▶ [Task brief] Start at the first record below and retype through the last, exactly.

▶ [Records supplied]
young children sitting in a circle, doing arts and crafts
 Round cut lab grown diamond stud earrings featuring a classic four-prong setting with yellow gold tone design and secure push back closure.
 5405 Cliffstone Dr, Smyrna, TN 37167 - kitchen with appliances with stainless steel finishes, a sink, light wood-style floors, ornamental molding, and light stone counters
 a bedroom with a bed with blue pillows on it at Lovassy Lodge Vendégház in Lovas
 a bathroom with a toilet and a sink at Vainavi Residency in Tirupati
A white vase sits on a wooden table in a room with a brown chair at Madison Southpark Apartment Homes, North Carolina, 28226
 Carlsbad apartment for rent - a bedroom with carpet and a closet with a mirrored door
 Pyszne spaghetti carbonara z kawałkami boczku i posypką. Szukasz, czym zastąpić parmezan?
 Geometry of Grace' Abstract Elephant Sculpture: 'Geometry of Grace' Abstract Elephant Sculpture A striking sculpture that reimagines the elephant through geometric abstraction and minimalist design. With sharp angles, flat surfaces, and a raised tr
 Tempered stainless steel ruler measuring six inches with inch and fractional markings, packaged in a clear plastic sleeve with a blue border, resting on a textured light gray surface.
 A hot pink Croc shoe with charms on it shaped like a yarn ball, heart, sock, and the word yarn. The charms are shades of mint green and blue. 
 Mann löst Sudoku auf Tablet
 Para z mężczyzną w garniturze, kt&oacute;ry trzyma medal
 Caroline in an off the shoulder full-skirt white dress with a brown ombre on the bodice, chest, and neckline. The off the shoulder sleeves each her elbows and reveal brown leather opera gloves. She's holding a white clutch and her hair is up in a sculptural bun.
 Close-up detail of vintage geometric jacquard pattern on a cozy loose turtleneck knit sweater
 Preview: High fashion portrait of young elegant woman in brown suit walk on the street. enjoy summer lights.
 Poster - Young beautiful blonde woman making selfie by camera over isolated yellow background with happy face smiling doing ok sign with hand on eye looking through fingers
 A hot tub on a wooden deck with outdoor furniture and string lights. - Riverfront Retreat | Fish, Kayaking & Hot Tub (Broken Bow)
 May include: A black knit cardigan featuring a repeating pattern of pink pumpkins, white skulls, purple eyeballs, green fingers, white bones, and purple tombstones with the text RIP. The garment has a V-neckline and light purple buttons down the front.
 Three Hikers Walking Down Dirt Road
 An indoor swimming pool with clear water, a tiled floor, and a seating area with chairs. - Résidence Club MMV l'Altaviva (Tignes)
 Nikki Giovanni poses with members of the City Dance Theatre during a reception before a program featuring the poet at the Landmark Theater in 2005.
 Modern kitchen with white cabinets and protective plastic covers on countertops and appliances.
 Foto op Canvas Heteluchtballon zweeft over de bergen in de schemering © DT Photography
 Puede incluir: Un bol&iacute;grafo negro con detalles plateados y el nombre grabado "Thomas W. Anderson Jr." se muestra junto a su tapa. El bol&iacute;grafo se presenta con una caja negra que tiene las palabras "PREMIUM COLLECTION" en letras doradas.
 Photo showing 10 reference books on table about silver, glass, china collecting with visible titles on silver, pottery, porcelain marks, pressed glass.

▶ [Expected answer]
young children sitting in a circle, doing arts and crafts
 Round cut lab grown diamond stud earrings featuring a classic four-prong setting with yellow gold tone design and secure push back closure.
 5405 Cliffstone Dr, Smyrna, TN 37167 - kitchen with appliances with stainless steel finishes, a sink, light wood-style floors, ornamental molding, and light stone counters
 a bedroom with a bed with blue pillows on it at Lovassy Lodge Vendégház in Lovas
 a bathroom with a toilet and a sink at Vainavi Residency in Tirupati
A white vase sits on a wooden table in a room with a brown chair at Madison Southpark Apartment Homes, North Carolina, 28226
 Carlsbad apartment for rent - a bedroom with carpet and a closet with a mirrored door
 Pyszne spaghetti carbonara z kawałkami boczku i posypką. Szukasz, czym zastąpić parmezan?
 Geometry of Grace' Abstract Elephant Sculpture: 'Geometry of Grace' Abstract Elephant Sculpture A striking sculpture that reimagines the elephant through geometric abstraction and minimalist design. With sharp angles, flat surfaces, and a raised tr
 Tempered stainless steel ruler measuring six inches with inch and fractional markings, packaged in a clear plastic sleeve with a blue border, resting on a textured light gray surface.
 A hot pink Croc shoe with charms on it shaped like a yarn ball, heart, sock, and the word yarn. The charms are shades of mint green and blue. 
 Mann löst Sudoku auf Tablet
 Para z mężczyzną w garniturze, kt&oacute;ry trzyma medal
 Caroline in an off the shoulder full-skirt white dress with a brown ombre on the bodice, chest, and neckline. The off the shoulder sleeves each her elbows and reveal brown leather opera gloves. She's holding a white clutch and her hair is up in a sculptural bun.
 Close-up detail of vintage geometric jacquard pattern on a cozy loose turtleneck knit sweater
 Preview: High fashion portrait of young elegant woman in brown suit walk on the street. enjoy summer lights.
 Poster - Young beautiful blonde woman making selfie by camera over isolated yellow background with happy face smiling doing ok sign with hand on eye looking through fingers
 A hot tub on a wooden deck with outdoor furniture and string lights. - Riverfront Retreat | Fish, Kayaking & Hot Tub (Broken Bow)
 May include: A black knit cardigan featuring a repeating pattern of pink pumpkins, white skulls, purple eyeballs, green fingers, white bones, and purple tombstones with the text RIP. The garment has a V-neckline and light purple buttons down the front.
 Three Hikers Walking Down Dirt Road
 An indoor swimming pool with clear water, a tiled floor, and a seating area with chairs. - Résidence Club MMV l'Altaviva (Tignes)
 Nikki Giovanni poses with members of the City Dance Theatre during a reception before a program featuring the poet at the Landmark Theater in 2005.
 Modern kitchen with white cabinets and protective plastic covers on countertops and appliances.
 Foto op Canvas Heteluchtballon zweeft over de bergen in de schemering © DT Photography
 Puede incluir: Un bol&iacute;grafo negro con detalles plateados y el nombre grabado "Thomas W. Anderson Jr." se muestra junto a su tapa. El bol&iacute;grafo se presenta con una caja negra que tiene las palabras "PREMIUM COLLECTION" en letras doradas.
 Photo showing 10 reference books on table about silver, glass, china collecting with visible titles on silver, pottery, porcelain marks, pressed glass.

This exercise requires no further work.